◆ **Your task**: For the listing below, return the line containing "MARLENKA MEDOVY DORTIK 16X100G", the line containing "2022 in Katar⚽️", and all lines in between, exactly as written and nothing else.

◆ **Record extracts**:
-=-=-
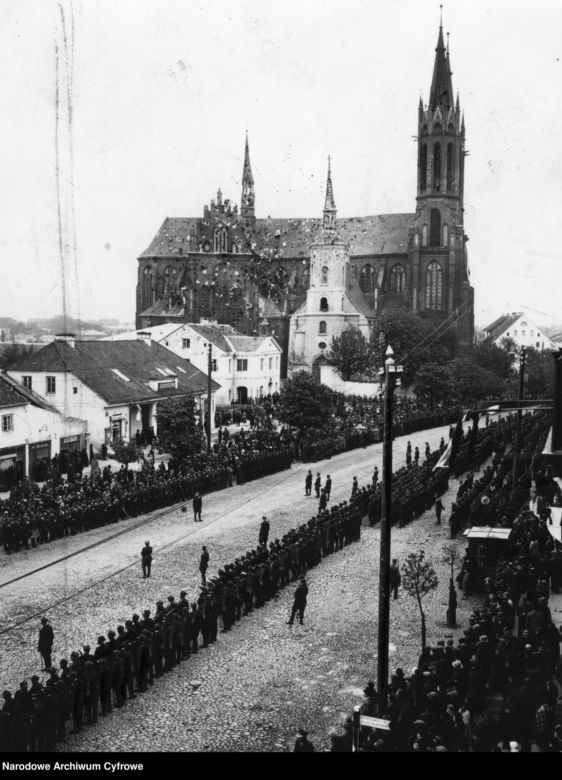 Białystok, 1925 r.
-=-=-
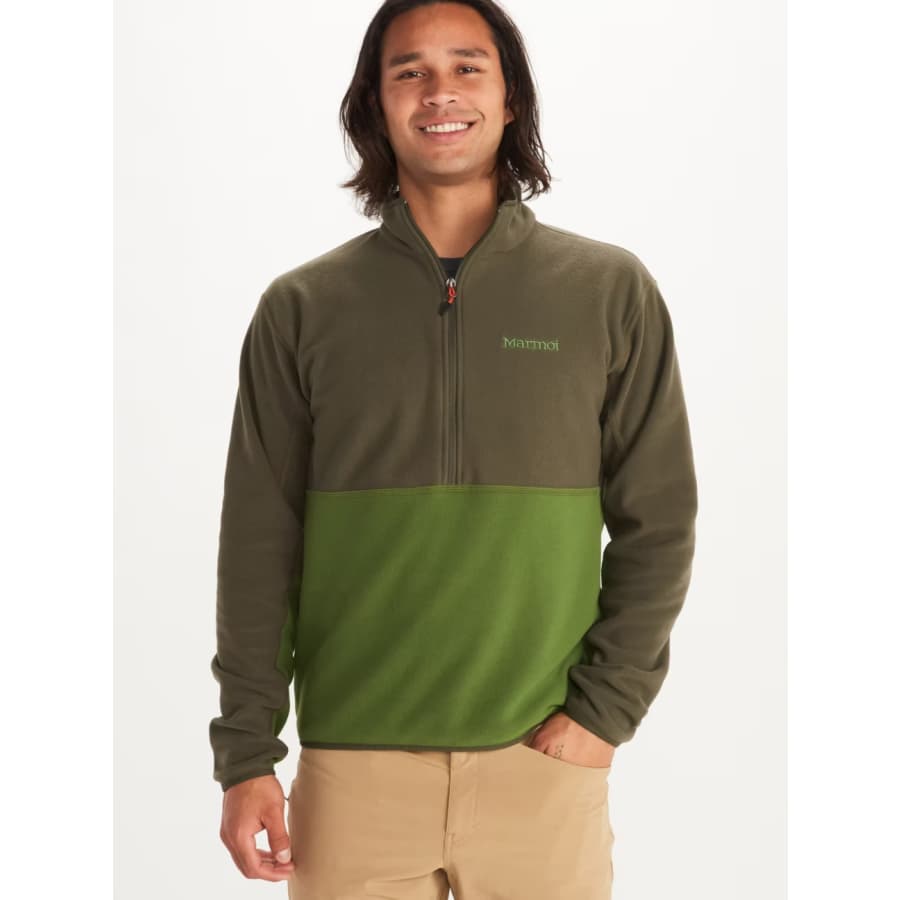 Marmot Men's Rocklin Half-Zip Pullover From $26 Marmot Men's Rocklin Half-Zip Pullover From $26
-=-=-
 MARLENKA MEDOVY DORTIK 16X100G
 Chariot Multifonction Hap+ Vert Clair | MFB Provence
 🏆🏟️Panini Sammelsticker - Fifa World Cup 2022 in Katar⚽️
-=-=-
◆ **Reply to the task**:
 MARLENKA MEDOVY DORTIK 16X100G
 Chariot Multifonction Hap+ Vert Clair | MFB Provence
 🏆🏟️Panini Sammelsticker - Fifa World Cup 2022 in Katar⚽️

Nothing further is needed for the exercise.